Would you give back exactly the lines from the line with "From The Desk Of Santa Letter Template" through the end of the entries below, both included, but none of the pictures?

• _PROVIDED DATA_:
* * * *

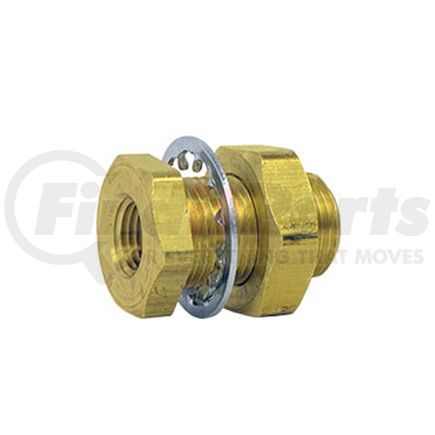 84046 by TECTRAN - Air Brake Frame Coupling - Brass, 1 in. Long, 1/4-18 in. Female, 1/4-18 in. Female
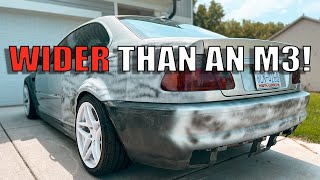 E46 Gets CLIQ TUNING Rear Over Fenders [upl. by Cortney710]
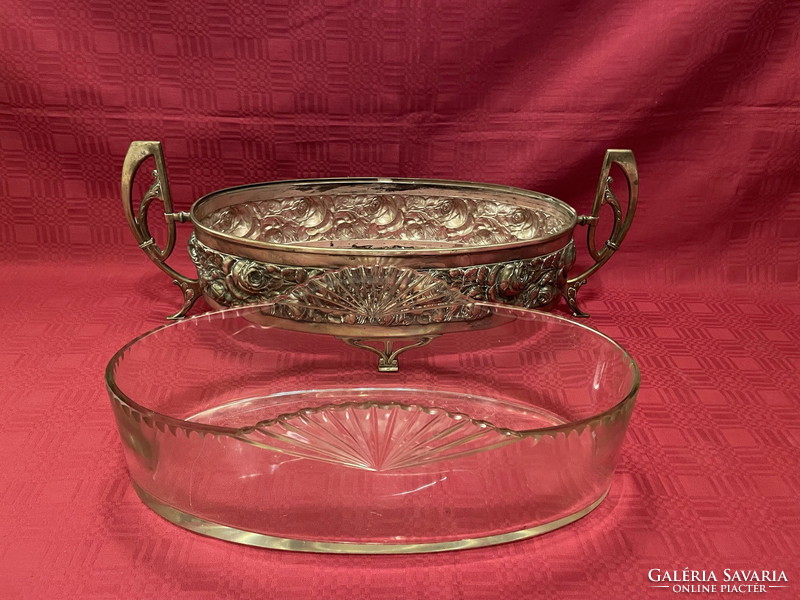 Old huge Art Nouveau dream serving platter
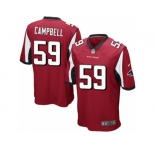 Men's Nike Atlanta Falcons #59 De'Vondre Campbell Game Red Team Color NFL Jersey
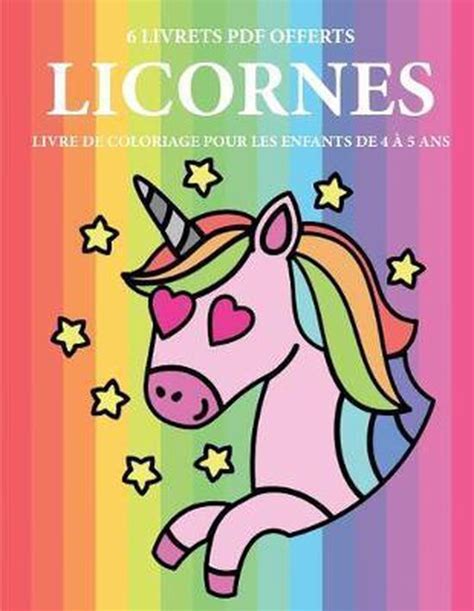 Livre De Coloriage Pour Les Enfants De 4 A 5 Ans Licornes Corinne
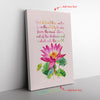 Just Like The Lotus Quotes Frame Canvas All Size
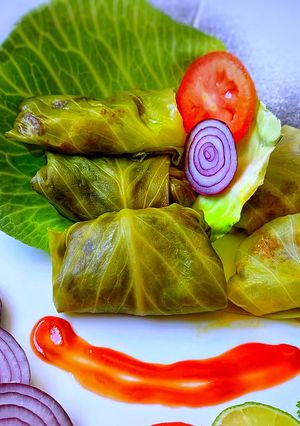 বাঁধাকপির ভাপা পিঠে(bandhakopir bhapa pithe recipe in Bengali) রেসিপির প্রধান ছবি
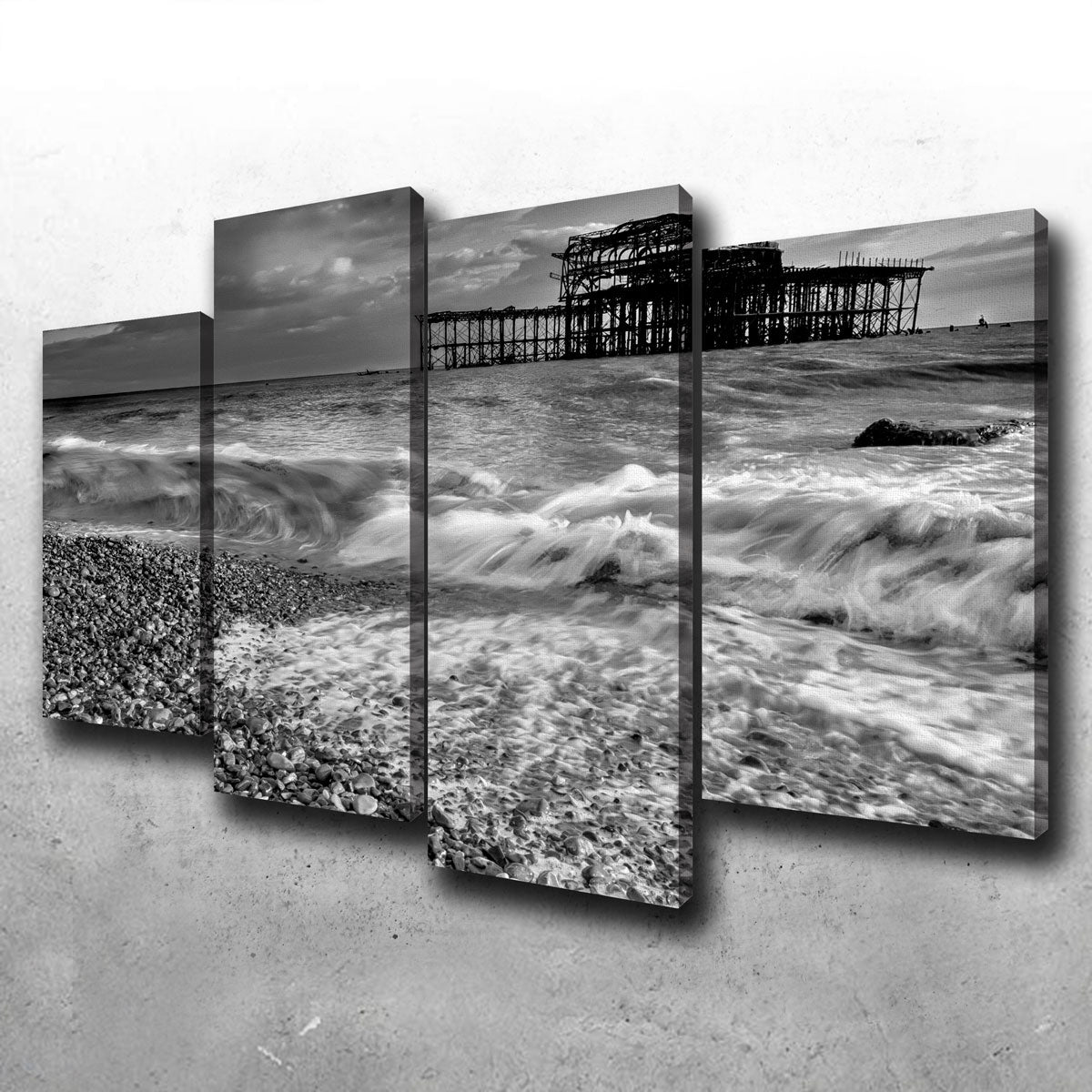 Stunning Brighton West Pier Wall Art by Mike Cotton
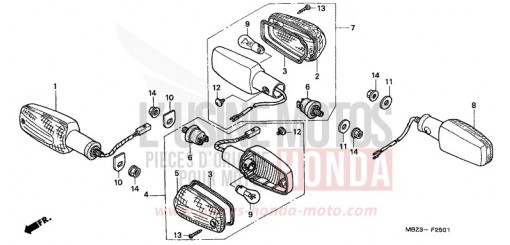 CLIGNOTANT (2) CB600F2Y de 2000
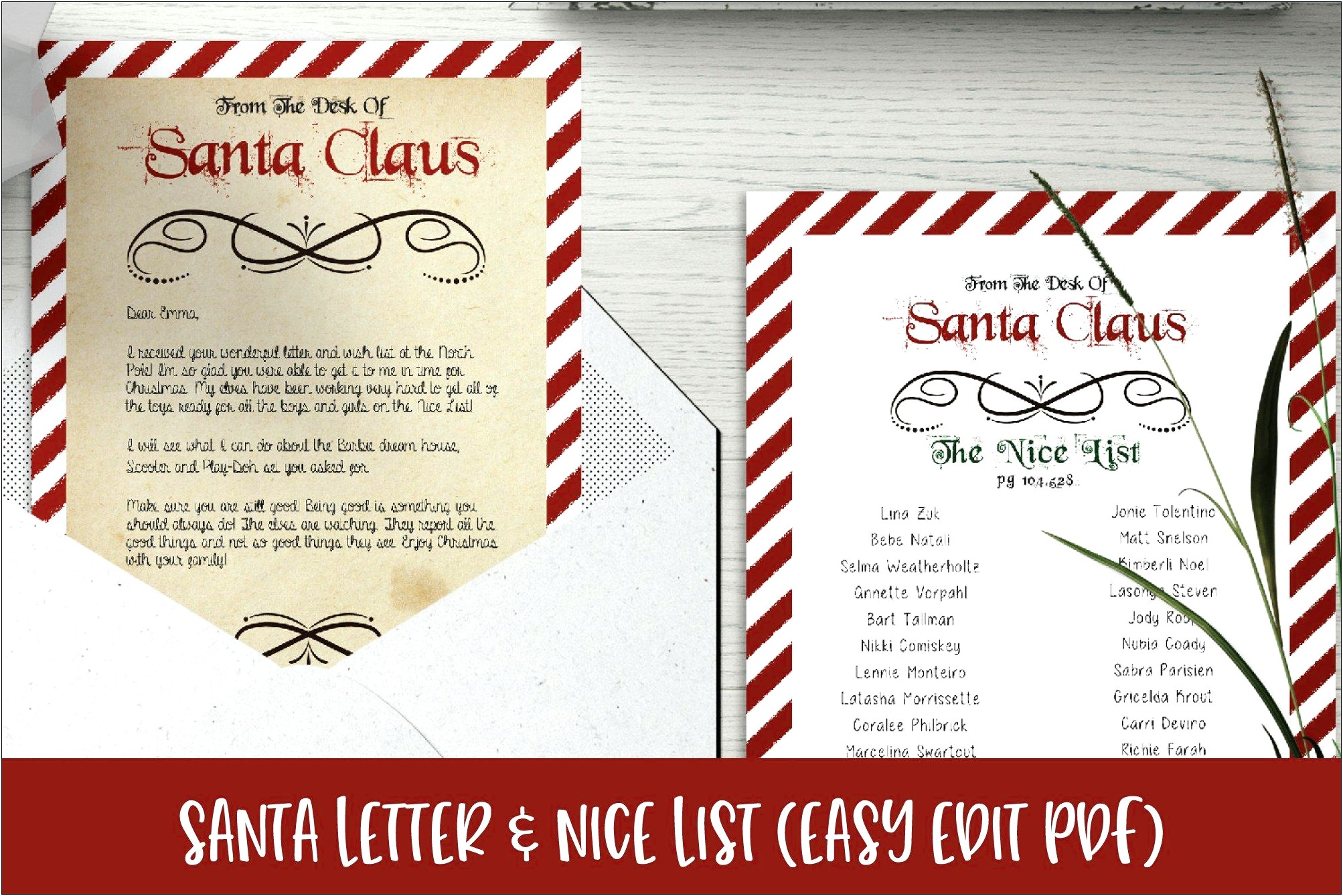 From The Desk Of Santa Letter Template
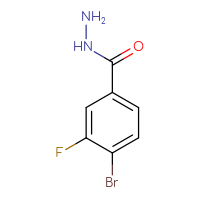 Chemical structure of 4-bromo-3-fluorobenzohydrazide - CSSB00011533690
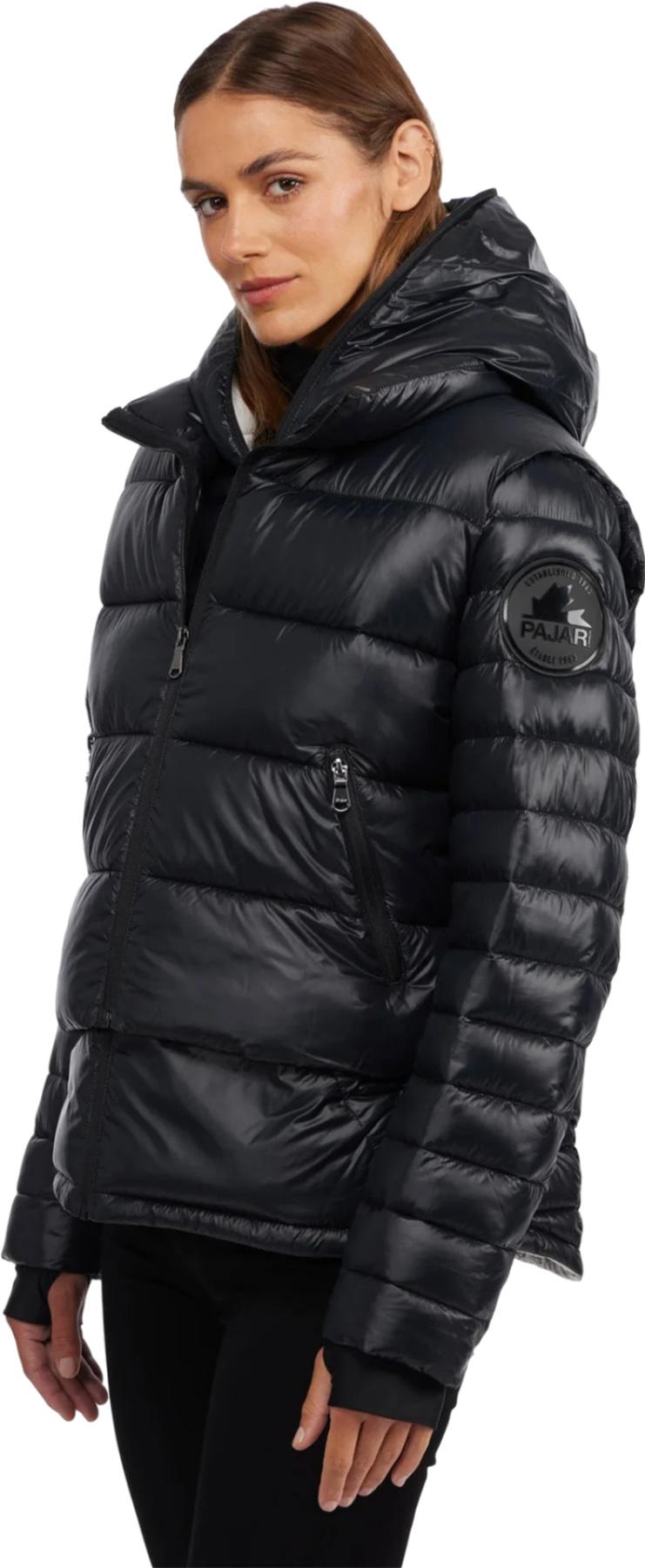 Numéro de l'image de la galerie de produits 2 pour le produit Manteau matelassé léger et compressible 3-en-1 avec capuchon fixe Vela - Femme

* * * *

• _YOUR RESPONSE_:
 From The Desk Of Santa Letter Template
 Chemical structure of 4-bromo-3-fluorobenzohydrazide - CSSB00011533690
 Numéro de l'image de la galerie de produits 2 pour le produit Manteau matelassé léger et compressible 3-en-1 avec capuchon fixe Vela - Femme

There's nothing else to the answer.